TikTok bans Tommy Robinson over hate speech violations
In a statement published by Islamophobia watchdog Tell MAMA, the company said both accounts "had been subject to an ongoing investigation due to the nature of some of the content posted".
The content published by the accounts promoted "hateful ideology" on multiple occasions, violating the app's regulations, according to the statement.
A TikTok spokesperson said: "Keeping people on TikTok safe is a top priority and our Terms of Service and Community Guidelines clearly outline what is not acceptable on our platform."
"Content that seeks to promote hateful ideology has no place on TikTok and the accounts belonging to both Tommy Robinson and Britain First have been permanently removed for multiple violations of our Terms of Service and Community Guidelines," the statement added.
"We're continuously enhancing our efforts to ensure that individuals and organisations seeking to promote any form of hateful ideology cannot establish a sustainable presence on TikTok."

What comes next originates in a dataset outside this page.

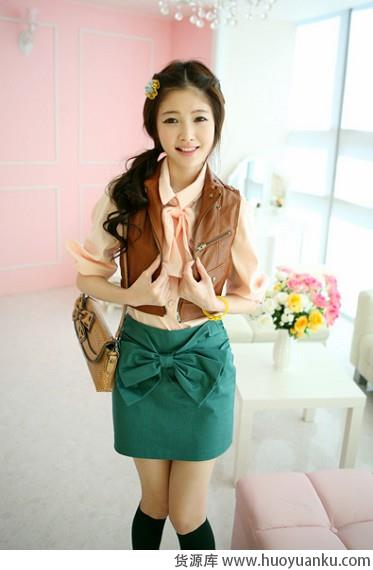 简约春装尽显淑女气质美-第9张图片-货源库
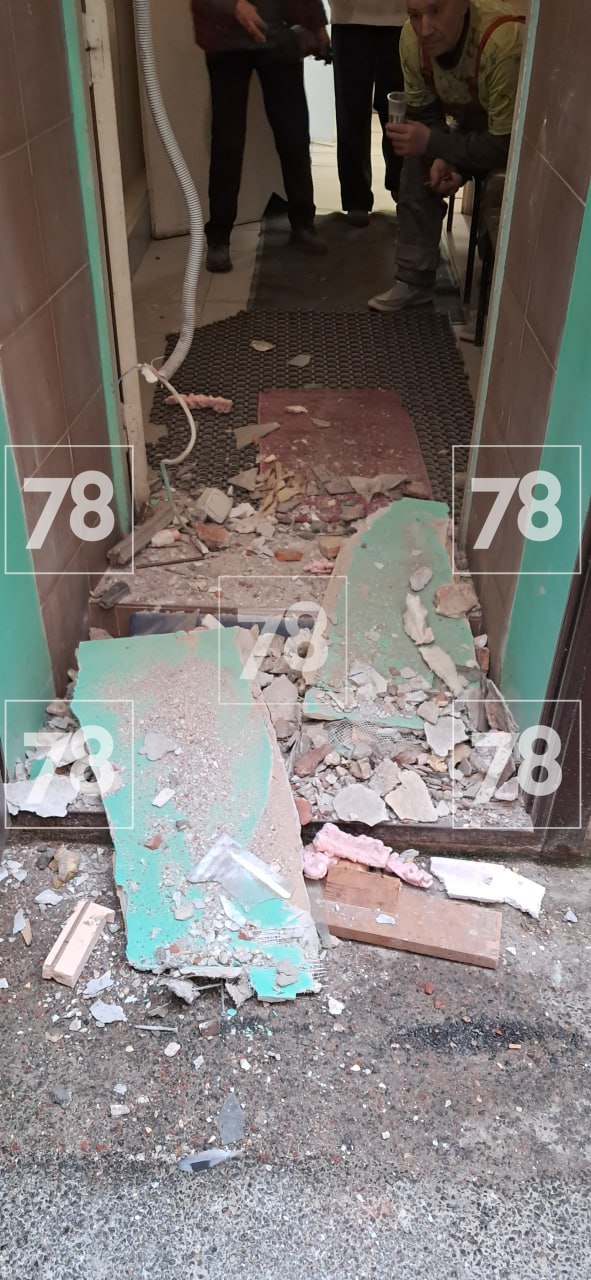 Упали не только обломки, но и мужчина, работавший этажом выше: в частной школе в Адмиралтейском районе рухнул потолок Упали не только обломки, но и мужчина, работавший этажом выше: в частной школе в Адмиралтейском районе рухнул потолок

A recent investigation by Aljazeera had exposed the two accounts' activity on the app, and pressure had been building for TikTok to take action.
The investigation highlighted a video by Britain First in which the group's leader Paul Golding telling two Black men in Calais: "We don't want any more migrants coming to our country... don't come to England, we're full up, we're a small country. We want to look after our own people. With all these migrants coming to our country, you're making it difficult."
Yaxley-Lennon and Britain First appeared to have turned to TikTok after being barred from all other major social media platforms, including Instagram, Facebook, Twitter, and Snapchat.
According to the Aljazeera investigation, his account was set up in March and had already garnered almost 22,000 followers. His bio read: "Banned from all western social media, lets give the Chinese a go".
In one of his posts, Yaxley-Lennon shared a clip from an ITV interview in which he holds up the Quran, saying: "This book is the reason we are in such a mess."
Tell MAMA said it "welcomes" the ban.
"All social media platforms have a duty to protect its users from hate speech, and ban those who breach its policies," it said in a statement.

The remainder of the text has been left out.